C’est ma méthode à moi, ce sont mes démons perso qui m’assaillent, et qui même m’empêchent de dormir. À un moment, je passe par plein d’états différents, jusqu’à ce que je finisse par dépasser ça. Et puis après, quand on se retourne on fait : “J’l’ai fait. J’l’ai fait, pfiou.”

Et en tant que spectateur, vous seriez plus cinéma américain ou cinéma français ? 

Je suis baba parfois, devant le professionnalisme des Américains, que je trouve vraiment très forts. Mais il y a des perles françaises… Par exemple, j’ai adoré Le Bureau des Légendes. C’était ma madeleine à un moment, ça. J’ai adoré, je trouvais ça génial. Au niveau de tout : de l’écriture, du jeu… C’était le genre de séries où je me disais : “À la fin de la scène, il faut que j’aille aux toilettes, je fais pause.” Et puis la fin de la scène arrivait et puis là je me disais : “Non je peux pas, je reste, ohlala putain, c’est pas vrai.” J’adorais.

© TOP-The Oligarchs Productions / Souslegende.com

Qu’est-ce qu’on peut vous souhaiter, là ? Est-ce que vous vous sentez pleinement épanoui, notamment dans votre carrière ? 

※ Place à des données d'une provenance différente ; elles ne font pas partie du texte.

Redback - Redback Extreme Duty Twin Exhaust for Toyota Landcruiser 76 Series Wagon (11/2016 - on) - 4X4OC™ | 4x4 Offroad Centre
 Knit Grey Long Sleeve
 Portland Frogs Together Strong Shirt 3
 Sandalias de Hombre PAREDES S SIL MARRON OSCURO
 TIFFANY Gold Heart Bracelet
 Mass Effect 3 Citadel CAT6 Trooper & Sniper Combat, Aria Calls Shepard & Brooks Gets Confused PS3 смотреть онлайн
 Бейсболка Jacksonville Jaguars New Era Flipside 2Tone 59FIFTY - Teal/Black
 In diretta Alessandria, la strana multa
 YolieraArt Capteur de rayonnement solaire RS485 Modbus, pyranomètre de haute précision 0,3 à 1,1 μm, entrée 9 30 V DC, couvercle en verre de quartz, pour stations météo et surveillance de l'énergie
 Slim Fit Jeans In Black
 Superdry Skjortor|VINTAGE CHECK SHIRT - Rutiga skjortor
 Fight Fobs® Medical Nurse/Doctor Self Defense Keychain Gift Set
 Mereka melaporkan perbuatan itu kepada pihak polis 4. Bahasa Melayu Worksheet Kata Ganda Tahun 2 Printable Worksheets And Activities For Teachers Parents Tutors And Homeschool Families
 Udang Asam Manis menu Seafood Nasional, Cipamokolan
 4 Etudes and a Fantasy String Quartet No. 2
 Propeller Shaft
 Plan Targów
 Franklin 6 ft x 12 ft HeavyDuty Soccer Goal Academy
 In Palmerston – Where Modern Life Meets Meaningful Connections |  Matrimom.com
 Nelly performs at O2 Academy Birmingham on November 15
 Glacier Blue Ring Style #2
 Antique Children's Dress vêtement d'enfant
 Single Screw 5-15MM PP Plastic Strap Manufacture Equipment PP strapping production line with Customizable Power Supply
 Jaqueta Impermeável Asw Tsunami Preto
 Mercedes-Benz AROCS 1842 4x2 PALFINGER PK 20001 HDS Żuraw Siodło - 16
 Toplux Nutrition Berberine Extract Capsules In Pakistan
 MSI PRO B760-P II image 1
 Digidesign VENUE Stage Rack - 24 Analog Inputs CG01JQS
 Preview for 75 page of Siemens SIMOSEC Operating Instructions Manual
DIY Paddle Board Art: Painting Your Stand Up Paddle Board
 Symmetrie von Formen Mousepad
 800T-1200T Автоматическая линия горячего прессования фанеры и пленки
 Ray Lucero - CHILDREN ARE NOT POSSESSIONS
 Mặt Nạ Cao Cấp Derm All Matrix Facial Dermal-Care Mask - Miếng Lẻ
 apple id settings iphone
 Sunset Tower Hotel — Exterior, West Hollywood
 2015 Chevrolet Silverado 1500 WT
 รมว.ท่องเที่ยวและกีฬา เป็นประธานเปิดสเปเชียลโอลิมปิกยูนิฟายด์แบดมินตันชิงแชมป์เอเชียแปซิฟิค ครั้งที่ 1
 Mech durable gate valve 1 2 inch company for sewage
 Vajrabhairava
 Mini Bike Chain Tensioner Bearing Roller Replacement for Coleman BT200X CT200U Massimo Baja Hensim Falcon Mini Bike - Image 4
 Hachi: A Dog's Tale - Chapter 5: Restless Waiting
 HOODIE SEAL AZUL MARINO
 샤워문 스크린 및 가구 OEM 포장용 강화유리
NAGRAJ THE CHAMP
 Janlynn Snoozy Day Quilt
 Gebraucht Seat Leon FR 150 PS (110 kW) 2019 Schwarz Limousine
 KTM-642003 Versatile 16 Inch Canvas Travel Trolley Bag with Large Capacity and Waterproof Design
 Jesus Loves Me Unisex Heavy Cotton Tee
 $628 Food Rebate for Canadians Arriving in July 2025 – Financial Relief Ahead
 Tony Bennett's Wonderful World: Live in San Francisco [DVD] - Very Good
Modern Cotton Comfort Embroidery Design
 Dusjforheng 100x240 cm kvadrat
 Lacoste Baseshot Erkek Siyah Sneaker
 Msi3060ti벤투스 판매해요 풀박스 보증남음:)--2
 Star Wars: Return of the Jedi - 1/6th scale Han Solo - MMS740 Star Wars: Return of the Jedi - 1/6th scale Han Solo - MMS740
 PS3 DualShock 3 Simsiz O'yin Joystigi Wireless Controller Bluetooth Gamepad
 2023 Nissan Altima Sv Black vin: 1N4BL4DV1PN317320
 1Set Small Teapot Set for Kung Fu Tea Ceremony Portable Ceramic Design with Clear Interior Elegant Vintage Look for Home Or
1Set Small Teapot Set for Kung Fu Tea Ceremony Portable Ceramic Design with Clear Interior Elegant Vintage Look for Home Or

Encore plus de boulot, encore plus de bonheur, encore plus d’accomplissement personnel. Je pense vraiment à ça, parce qu’on vit dans une société qui est tellement violente. On marche sur la tête. On sombre dans une forme de barbarie peu à peu, dans un contexte économique totalement incertain, et dans une société où il n’y a plus de civisme, où les gens se replient sur eux ou sur leur communauté. On est dans un monde qui fait peur. Et c’est pour ça que je me souhaite un peu d’espoir ! 

Un énorme merci à M. Damien WITECKA ainsi qu’à l’équipe TGS événements qui nous a offert l’opportunité de cette rencontre.